Memorial is the national holiday we sit aside to honor all those who gave their lives in the service of our country, but Veterans Day is the one national holiday we have that seeks to honor all veterans, either living or dead. This day allows us to give thanks to our living veterans who served our country honorably during both war and peace time, regardless of service branch, rank, or war experience. This is a great day to thank those who stepped up and gave in some candid cases, many years of their lives, to protect our nation and its citizens. We still celebrate it on the day the First World War Armistice was signed, which is November 11th, but we honor all veterans in our country living or dead.
Currently, there are approximately 23 million military veterans in the United States. There are a little over 9 million veterans over the age 65. Almost 2 million veterans are under the age 35. And almost 2 million veterans were women. Seven point eight million veterans served during the Vietnam War era. That represents about a third of all living veterans. There are also 5.2 million veterans who have provided service during the Gulf War era (August 2, 1990–Present). We only have 2.6 million veterans out of approximately 16 million left who served during World War II. And we have 2.8 million veterans to thank, who provided service during the Korean War. Finally, let’s not forget we’ve got 6 million veterans alive today who gave years of their lives in the service of their country during peacetime.

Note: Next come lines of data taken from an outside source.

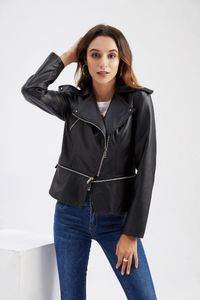 Kvinnor läder 2023 Spring Autumn Women Black Faux Jacket Casual dragkedja Dekoration Biker Coat Kvinnlig Solid Short Outwear S-3XL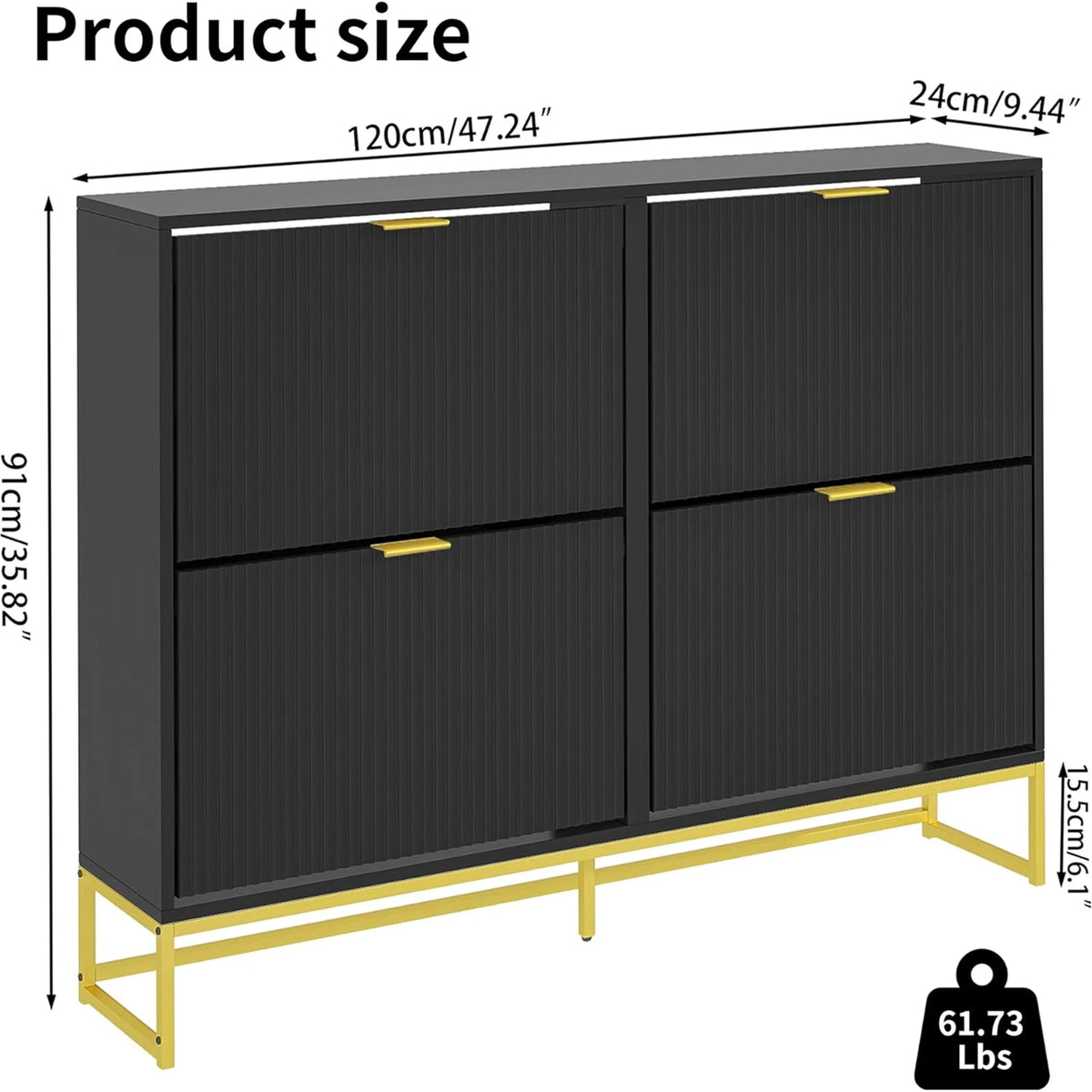 Oubayajia Modern Shoe Storage Cabinet, Wood Shoe Rack Organizer with 2 Flip Drawers, Freestanding Narrow Shoe Cabinet for Entryway Hallway, Natural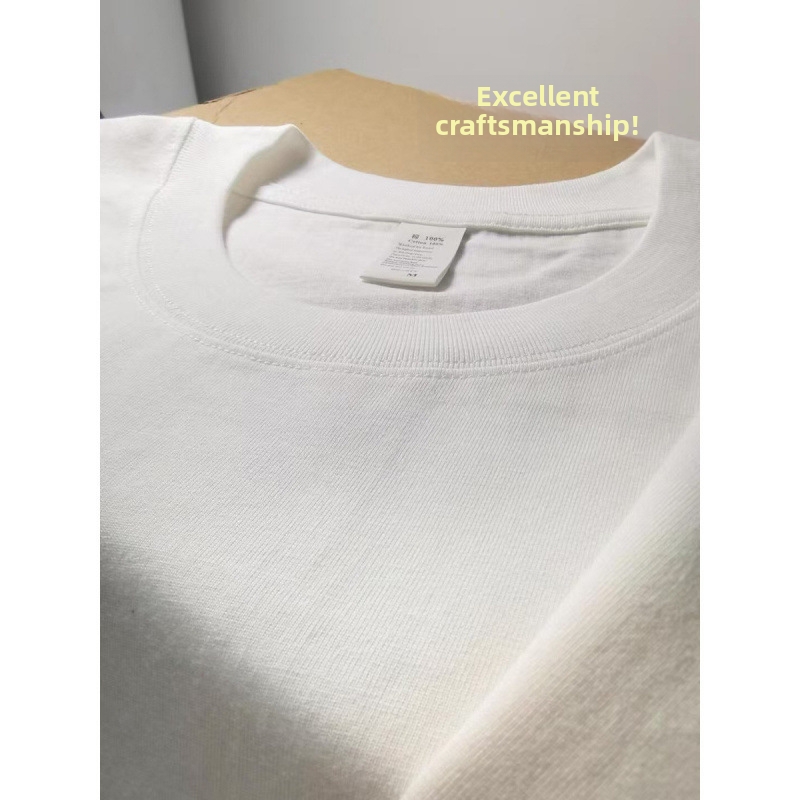 Camiseta masculina de manga curta, 100% algodão, versátil, modelagem solta, estilo americano moderno e urbano, respirável, nas cores branca e preta._voghion.com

We owe all of them, folks, for the freedom we enjoy, and all too often, take for granted. Veterans make a difference. Veterans sacrifice for their fellow men and women and, yes, many veterans are members of our extended family. We are proud to count many of our members and their families amongst AARC’s heroes. Given the fact that there are over 23 million veterans out there, you won’t have a problem finding at least one to say thank you to on November 11th. And if you can, shoot for 11 am. You see, that’s when that very first Armistice Day, which was the forerunner of our Veterans Day was observed. On behalf of the AARC, thank all of our veterans for their service. You are our heroes.